I won’t present the theory here, it is adequately explained in many articles, such as this one. Applying Newton’s method using floating-point arithmetic is easy: the function and its derivative, along with the approximation framework, are written in plain C code without any regard to the intermediate values in the calculation: it simply works. But for fixed-point arithmetic, things are very different, you must know the range of values you are dealing with, how those values are represented in a machine word or C data type, and carefully manage change of representation, when needed, yourself.

Let’s start!

Calculating a reciprocal in floating point

Excluding division, I will illustrate here the Wikipedia article on calculating the reciprocal of a value a with an initial approximation of its reciprocal x. It’s straightforward:

float Reciprocal_F32(float a, float x) {
  //
  // Apply Newton iterations.
  //
  x = x * (2 - a*x);
  x = x * (2 - a*x);
  x = x * (2 - a*x);
  x = x * (2 - a*x);
  //
  return x;
}

This turns out to be pretty good, for instance calculating the reciprocal of 3 with an initial approximation of 0.5, as…

int main(void) {
  printf("Approximation to 1/3 is %f", Reciprocal_F32(3, 0.5));
}

…prints “0.333328”. If we use six steps, it prints “0.333333”.

The accuracy of the calculated reciprocal depends on both the number of Newton steps and the quality of the initial reciprocal estimate. If we change the initial estimate above from 0.5 to 1.0, say, then the same five steps print “-1431655808.000000”. Hmm.

So, how do we find a good estimate, and how many steps will we need?

It turns out that microcontrollers and desktop processors typically provide an instruction to deliver an approximation to the reciprocal. For an Arm device, there exists VRECPE or FRECPE, depending on architecture. Clearly we’re not first to the party in recognizing that division by reciprocal multiplication is viable.

In integer-focused software, we typically look up the reciprocal estimate from a table, indexing by a number of leading nonzero bits taken from the divisor. This is what the previous article did. The more accurate the estimate, the fewer iterations you need.  If you have an accuracy of n bits, each Newton iteration will double the accuracy to 2n bits (quadratic convergence).

We’re going to take this as far as we can and implement a 16/16 divide using a lookup table of only eight bytes!

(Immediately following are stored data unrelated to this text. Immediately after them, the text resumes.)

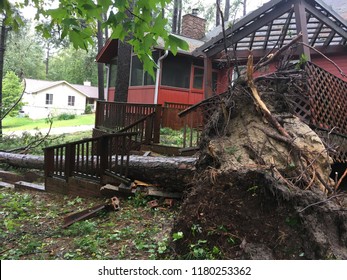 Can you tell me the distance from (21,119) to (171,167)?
36.0 metres

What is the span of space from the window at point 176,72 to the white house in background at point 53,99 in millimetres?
27139

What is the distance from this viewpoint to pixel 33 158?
8625 millimetres

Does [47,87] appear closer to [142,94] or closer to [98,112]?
[142,94]

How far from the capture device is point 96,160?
639cm

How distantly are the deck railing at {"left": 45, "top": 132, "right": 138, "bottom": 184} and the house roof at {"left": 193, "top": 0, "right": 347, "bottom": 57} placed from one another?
2804 mm

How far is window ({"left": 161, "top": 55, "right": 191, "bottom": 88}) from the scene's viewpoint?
15.9m

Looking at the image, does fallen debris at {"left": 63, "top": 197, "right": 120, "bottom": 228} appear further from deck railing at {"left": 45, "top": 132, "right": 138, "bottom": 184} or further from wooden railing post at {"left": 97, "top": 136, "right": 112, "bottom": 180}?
wooden railing post at {"left": 97, "top": 136, "right": 112, "bottom": 180}

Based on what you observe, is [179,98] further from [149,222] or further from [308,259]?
[308,259]

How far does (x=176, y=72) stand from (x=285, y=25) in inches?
365

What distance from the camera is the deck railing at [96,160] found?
19.8 feet

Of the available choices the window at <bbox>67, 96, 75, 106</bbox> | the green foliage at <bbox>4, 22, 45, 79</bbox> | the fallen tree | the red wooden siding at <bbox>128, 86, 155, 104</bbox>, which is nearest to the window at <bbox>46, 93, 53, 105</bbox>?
the window at <bbox>67, 96, 75, 106</bbox>

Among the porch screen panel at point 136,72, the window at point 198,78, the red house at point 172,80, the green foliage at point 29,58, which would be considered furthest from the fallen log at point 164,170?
the green foliage at point 29,58

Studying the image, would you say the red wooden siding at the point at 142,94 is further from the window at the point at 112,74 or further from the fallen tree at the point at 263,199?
the fallen tree at the point at 263,199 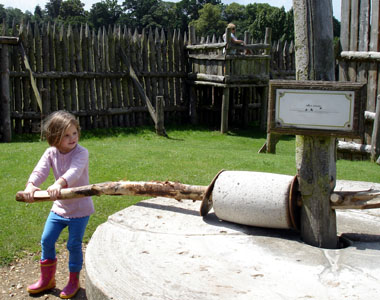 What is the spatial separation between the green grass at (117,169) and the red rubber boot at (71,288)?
86 centimetres

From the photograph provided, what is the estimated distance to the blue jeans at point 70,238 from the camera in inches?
143

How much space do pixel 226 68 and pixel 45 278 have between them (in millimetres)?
8865

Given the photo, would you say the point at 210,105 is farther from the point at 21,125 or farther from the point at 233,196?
the point at 233,196

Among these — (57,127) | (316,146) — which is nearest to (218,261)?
(316,146)

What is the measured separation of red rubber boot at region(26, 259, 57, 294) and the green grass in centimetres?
63

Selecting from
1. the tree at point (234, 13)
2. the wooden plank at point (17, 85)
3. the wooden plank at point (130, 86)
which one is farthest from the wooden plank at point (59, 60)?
the tree at point (234, 13)

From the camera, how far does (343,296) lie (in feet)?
8.88

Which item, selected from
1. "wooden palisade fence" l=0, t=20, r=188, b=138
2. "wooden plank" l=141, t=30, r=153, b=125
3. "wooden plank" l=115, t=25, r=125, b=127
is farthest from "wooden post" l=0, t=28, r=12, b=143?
"wooden plank" l=141, t=30, r=153, b=125

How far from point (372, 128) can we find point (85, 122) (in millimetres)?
6491

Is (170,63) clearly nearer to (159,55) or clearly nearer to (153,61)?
(159,55)

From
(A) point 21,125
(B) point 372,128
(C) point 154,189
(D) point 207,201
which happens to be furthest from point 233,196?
(A) point 21,125

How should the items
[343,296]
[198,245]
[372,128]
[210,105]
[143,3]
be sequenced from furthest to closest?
[143,3]
[210,105]
[372,128]
[198,245]
[343,296]

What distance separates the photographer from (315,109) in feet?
10.8

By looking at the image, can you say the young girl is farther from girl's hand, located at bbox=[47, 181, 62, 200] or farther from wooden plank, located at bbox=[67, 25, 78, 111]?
wooden plank, located at bbox=[67, 25, 78, 111] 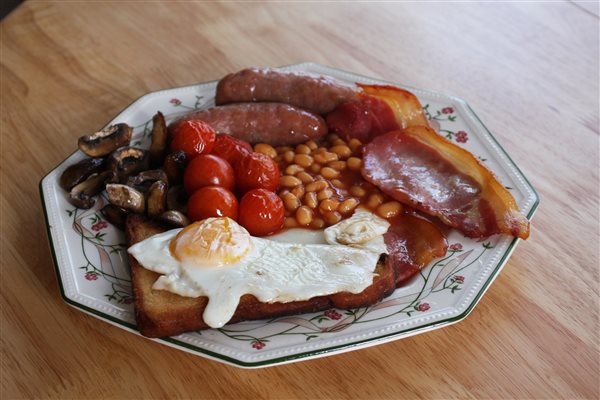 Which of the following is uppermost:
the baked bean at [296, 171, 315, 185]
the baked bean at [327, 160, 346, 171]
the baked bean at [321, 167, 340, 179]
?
the baked bean at [327, 160, 346, 171]

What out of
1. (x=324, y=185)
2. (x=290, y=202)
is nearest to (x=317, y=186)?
(x=324, y=185)

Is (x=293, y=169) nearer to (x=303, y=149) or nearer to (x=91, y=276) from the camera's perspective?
(x=303, y=149)

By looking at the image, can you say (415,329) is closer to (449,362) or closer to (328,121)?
(449,362)

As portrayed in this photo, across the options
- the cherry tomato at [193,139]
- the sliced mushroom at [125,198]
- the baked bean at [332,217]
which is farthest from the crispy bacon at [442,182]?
the sliced mushroom at [125,198]

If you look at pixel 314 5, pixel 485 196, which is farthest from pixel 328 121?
pixel 314 5

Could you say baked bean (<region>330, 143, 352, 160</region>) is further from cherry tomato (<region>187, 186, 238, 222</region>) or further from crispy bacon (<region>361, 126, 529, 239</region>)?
cherry tomato (<region>187, 186, 238, 222</region>)

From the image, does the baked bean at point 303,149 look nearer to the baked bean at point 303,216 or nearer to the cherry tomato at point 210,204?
the baked bean at point 303,216

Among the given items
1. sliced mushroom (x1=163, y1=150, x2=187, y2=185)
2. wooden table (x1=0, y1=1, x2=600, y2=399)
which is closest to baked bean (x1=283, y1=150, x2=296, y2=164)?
sliced mushroom (x1=163, y1=150, x2=187, y2=185) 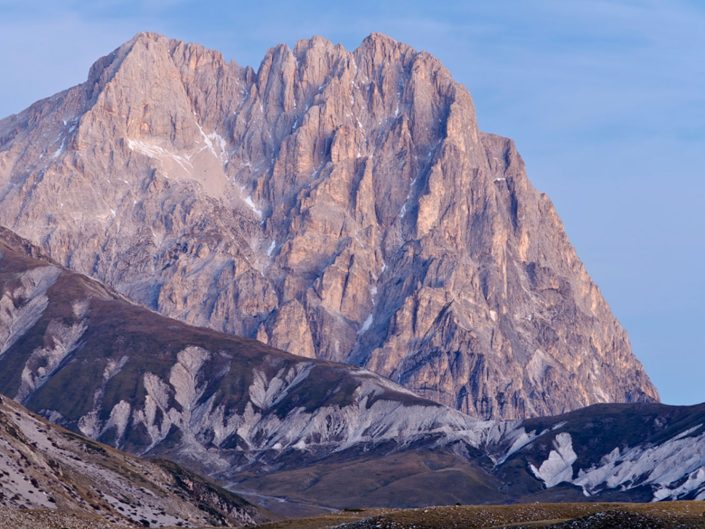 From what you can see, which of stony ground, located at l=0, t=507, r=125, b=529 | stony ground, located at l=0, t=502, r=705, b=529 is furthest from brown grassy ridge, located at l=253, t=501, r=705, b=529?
stony ground, located at l=0, t=507, r=125, b=529

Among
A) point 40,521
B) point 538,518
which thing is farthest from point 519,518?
point 40,521

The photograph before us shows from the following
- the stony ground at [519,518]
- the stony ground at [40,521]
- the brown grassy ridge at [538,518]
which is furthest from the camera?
the stony ground at [40,521]

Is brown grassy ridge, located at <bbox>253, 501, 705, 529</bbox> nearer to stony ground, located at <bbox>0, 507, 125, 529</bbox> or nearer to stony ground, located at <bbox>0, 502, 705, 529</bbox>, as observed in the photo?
stony ground, located at <bbox>0, 502, 705, 529</bbox>

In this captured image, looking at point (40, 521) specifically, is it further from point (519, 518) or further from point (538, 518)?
point (538, 518)

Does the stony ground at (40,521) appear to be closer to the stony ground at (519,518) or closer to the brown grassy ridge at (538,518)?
the stony ground at (519,518)

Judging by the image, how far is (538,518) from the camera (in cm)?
12144

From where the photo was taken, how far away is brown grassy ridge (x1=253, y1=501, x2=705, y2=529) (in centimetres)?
10512

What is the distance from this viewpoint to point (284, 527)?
434ft

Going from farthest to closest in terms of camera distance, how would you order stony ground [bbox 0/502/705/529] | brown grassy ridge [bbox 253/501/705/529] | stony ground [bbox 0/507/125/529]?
stony ground [bbox 0/507/125/529], stony ground [bbox 0/502/705/529], brown grassy ridge [bbox 253/501/705/529]

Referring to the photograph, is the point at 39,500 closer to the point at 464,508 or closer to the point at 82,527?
the point at 82,527

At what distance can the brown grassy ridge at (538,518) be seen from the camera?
105m

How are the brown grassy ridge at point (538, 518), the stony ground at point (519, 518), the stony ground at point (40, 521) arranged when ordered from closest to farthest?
the brown grassy ridge at point (538, 518)
the stony ground at point (519, 518)
the stony ground at point (40, 521)

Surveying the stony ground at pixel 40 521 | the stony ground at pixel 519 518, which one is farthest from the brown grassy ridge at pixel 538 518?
the stony ground at pixel 40 521

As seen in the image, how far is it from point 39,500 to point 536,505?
9270 cm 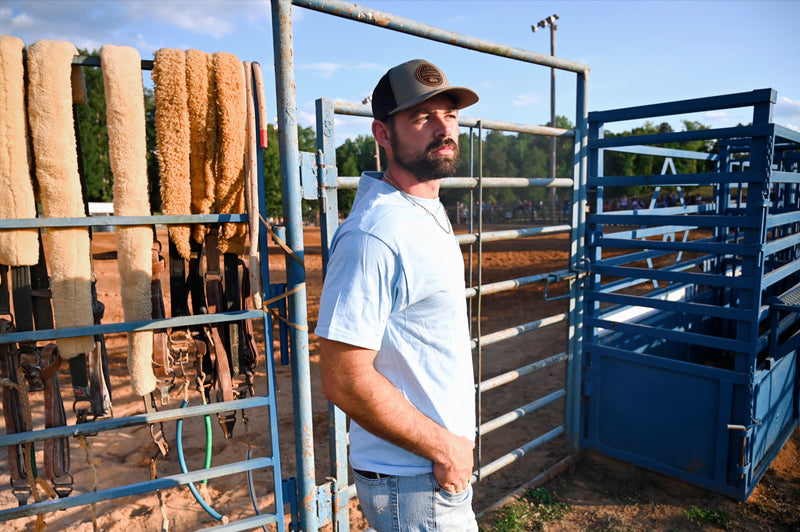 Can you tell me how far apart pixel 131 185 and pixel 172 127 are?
0.27 m

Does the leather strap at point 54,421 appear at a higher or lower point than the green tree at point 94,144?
lower

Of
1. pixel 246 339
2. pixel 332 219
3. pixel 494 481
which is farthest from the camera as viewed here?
pixel 494 481

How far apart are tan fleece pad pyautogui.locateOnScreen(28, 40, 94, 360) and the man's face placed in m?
1.16

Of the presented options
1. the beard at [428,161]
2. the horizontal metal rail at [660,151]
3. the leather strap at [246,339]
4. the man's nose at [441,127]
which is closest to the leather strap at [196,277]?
the leather strap at [246,339]

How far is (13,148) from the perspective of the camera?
5.92ft

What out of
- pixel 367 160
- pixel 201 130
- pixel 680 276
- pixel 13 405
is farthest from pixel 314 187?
pixel 367 160

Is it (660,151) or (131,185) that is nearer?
(131,185)

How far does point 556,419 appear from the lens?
16.8 feet

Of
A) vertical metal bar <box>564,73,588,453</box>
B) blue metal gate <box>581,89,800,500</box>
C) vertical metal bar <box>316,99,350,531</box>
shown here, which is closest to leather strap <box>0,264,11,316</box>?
vertical metal bar <box>316,99,350,531</box>

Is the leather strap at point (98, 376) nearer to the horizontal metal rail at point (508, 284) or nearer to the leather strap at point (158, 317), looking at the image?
the leather strap at point (158, 317)

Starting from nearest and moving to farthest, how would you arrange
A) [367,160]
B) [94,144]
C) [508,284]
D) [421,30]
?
[421,30] → [508,284] → [94,144] → [367,160]

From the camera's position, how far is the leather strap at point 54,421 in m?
2.01

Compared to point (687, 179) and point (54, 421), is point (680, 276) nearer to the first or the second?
point (687, 179)

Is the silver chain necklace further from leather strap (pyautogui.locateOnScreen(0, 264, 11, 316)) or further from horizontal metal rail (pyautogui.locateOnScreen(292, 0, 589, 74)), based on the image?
leather strap (pyautogui.locateOnScreen(0, 264, 11, 316)) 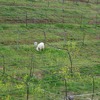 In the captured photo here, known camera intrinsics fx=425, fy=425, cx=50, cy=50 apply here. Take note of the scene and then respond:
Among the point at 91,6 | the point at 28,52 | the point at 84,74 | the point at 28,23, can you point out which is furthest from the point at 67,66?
the point at 91,6

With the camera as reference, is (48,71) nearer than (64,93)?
No

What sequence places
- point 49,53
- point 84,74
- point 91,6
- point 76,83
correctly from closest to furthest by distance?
point 76,83, point 84,74, point 49,53, point 91,6

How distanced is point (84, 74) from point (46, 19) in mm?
15739

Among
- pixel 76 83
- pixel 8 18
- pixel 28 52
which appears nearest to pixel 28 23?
pixel 8 18

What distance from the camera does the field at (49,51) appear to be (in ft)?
83.0

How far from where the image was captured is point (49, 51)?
107 ft

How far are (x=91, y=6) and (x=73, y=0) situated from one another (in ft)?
8.33

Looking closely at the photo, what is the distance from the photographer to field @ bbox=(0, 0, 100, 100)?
83.0 ft

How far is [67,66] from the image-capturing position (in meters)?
29.7

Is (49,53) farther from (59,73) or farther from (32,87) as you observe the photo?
(32,87)

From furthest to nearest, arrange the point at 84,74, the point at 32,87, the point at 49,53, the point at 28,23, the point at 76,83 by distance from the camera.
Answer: the point at 28,23 → the point at 49,53 → the point at 84,74 → the point at 76,83 → the point at 32,87

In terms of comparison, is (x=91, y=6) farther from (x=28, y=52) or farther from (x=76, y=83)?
(x=76, y=83)

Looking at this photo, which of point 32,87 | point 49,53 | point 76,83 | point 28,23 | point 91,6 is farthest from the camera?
point 91,6

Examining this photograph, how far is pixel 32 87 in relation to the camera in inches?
971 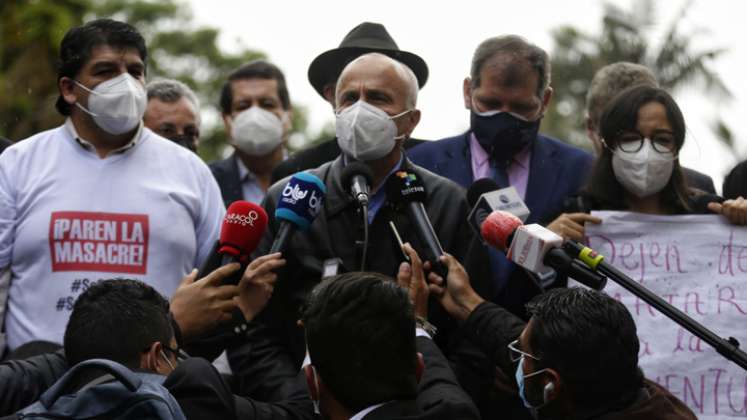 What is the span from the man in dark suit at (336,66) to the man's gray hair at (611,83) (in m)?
0.94

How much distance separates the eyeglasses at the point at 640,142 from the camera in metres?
5.55

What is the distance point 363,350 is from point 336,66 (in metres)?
3.17

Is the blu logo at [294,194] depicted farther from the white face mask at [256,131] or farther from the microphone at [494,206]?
the white face mask at [256,131]

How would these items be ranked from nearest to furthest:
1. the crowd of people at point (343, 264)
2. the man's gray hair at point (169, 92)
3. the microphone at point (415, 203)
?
the crowd of people at point (343, 264)
the microphone at point (415, 203)
the man's gray hair at point (169, 92)

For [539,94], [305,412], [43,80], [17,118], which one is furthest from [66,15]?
[305,412]

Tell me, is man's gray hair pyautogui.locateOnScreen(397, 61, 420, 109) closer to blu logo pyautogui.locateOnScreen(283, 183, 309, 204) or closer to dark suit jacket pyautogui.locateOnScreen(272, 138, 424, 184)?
dark suit jacket pyautogui.locateOnScreen(272, 138, 424, 184)

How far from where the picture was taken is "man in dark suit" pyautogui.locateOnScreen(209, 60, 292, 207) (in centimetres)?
751

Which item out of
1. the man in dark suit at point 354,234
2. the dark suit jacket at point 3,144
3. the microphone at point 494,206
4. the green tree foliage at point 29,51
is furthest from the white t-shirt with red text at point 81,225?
the green tree foliage at point 29,51

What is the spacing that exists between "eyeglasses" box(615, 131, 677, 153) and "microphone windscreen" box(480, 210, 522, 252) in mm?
1303

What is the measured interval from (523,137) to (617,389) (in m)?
2.18

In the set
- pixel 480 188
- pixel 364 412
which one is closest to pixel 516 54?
pixel 480 188

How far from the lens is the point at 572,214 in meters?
5.49

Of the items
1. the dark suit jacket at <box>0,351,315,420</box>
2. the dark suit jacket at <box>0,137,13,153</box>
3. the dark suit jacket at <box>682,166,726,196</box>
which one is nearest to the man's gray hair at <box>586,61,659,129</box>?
the dark suit jacket at <box>682,166,726,196</box>

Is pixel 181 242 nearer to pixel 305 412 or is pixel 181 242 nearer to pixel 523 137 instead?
pixel 305 412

Converting the Newton step to fixed-point arithmetic

If you haven’t read the previous article, read it now, you’ll need to before continuing.

A quick recap. In the previous article, the reciprocal was taken from a lookup table (LUT) as a Q16 value. What I will do is replace that lookup, along with the 128-entry 16-bit table (0.25 KB), with a very compact LUT and some calculations, to generate a Q16 reciprocal.

First, let’s break out the calculation of the approximation like this:

float NewtonStep(float a, float x) {
  float t;
  //
  t = a * x;
  t = 2 - t;
  t = t * x;
  //
  return x;
}

float Reciprocal_F32(float a, float x) {
  //
  // Apply Newton iterations.
  //
  x = NewtonStep(a, x);
  x = NewtonStep(a, x);
  x = NewtonStep(a, x);
  x = NewtonStep(a, x);
  x = NewtonStep(a, x);
  //
  return x;
}

I will constrain the inputs a and x such that 1 <= a < 2 and 0.5 <= x < 1 (as the reciprocal of a lies within these bounds). With these bounds it’s possible to annotate the calculation like this:

float NewtonStep(float a,     // 1 &lt;= a &lt; 2
                 float x) {   // 0.5 &lt;= x &lt; 1 
  float t;
  //
  t = a * x;   // 0.5 &lt;= ax &lt;  2
  t = 2 - t;   // 0 &lt; 2-ax &lt;;= 1.5
  t = t * x;   // 0.5 &lt;= x(2-ax) &lt; 1
  //
  return t;
}

But this is worst case, and I will be providing a more accurate initial reciprocal estimate, so stricter bounds apply, the newly calculated reciprocal approximation bounded by the range [0.5, 1).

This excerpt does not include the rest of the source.